I really like the 5×5 scheme for strength, quite simply, it straight up works. Progress always happens and when used well I’d defy anyone to not succeed with it.
Don’t get me wrong, there are a million and one ways to gain strength and they all work to a greater or lesser degree but for me, 5×5 is one of the best! At its most basic you do 5 sets of 5 reps and a load of around 80-90% of your 1 rep max and gradually push that weight higher. But as we all know, nothing is ever as straightforward as that!
Depending on your energy levels, recovery from your last session and a variety of other factors, your training session quality can be awesome, awful or anywhere in between the 2, and as such a little leeway in your training loads can help a lot.

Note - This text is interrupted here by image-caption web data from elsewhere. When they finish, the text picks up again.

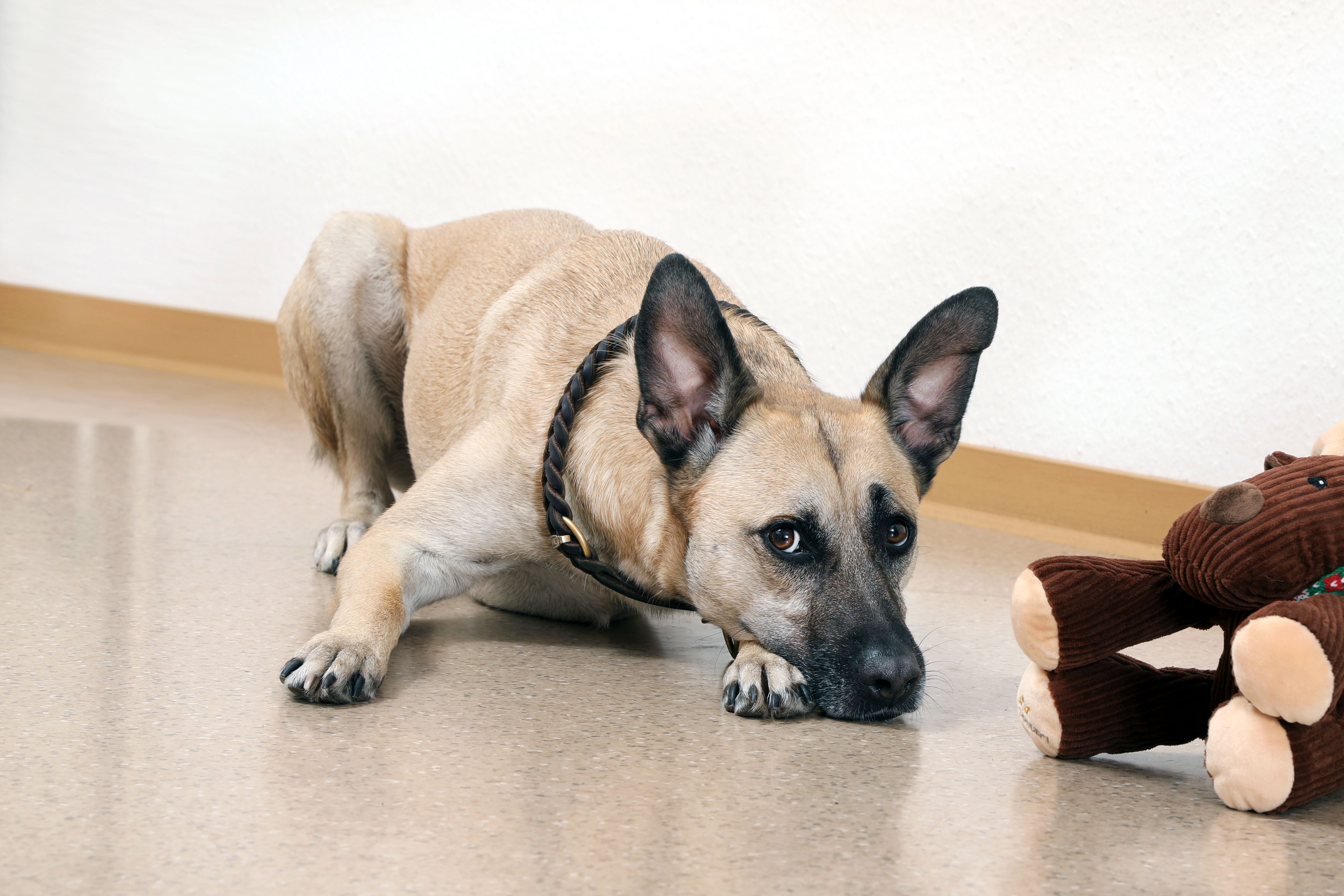 Hund in der Tierarztpraxis Haan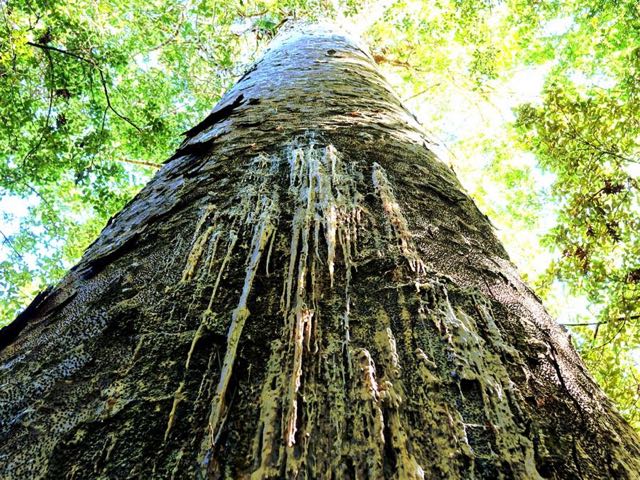 Come clean to The Coromandel – be a kauri champion this summer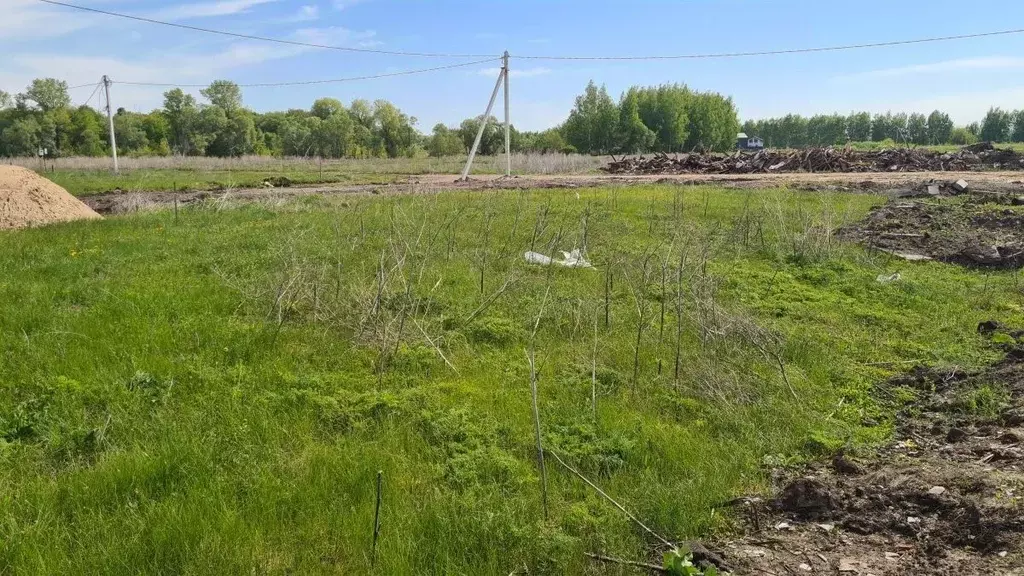 Участок в Ульяновская область, Мелекесский район, Лебяжинское с/пос, ... - Фото 1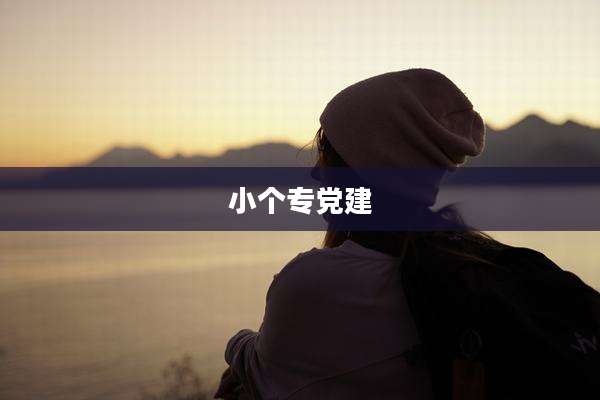 小个专党建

Lets look at some of the ways to manipulate 5×5 and get you great results…
Feeling strong 5×5 – Great when you start on 5×5 and are conservative in your initial loading, generally I’ll use this when clients go onto 5×5 for the first time. Each set is a little heavier than the last and the next week, the starting load is the load for set 3 in the previous week. Depending on the starting point, this may last up to 4 weeks. Good for building strength and confidence under load.
Set 1 – 60kg
Set 2 – 62.5kg
Set 3 – 65kg
Set 4 – 67.5kg
Set 5 – 70kg
Set 1 – 65kg
Set 2 – 67.5kg
Set 3 – 70kg
Set 4 – 72.5kg
Set 5 – 75kg
Slow loading increases but good progress quite quickly.
Straight 5×5 – Load up the bar with around 85% of your max and crunch out 5 sets of 5 good reps. Increase the load a little next time, Repeat each session until you cant…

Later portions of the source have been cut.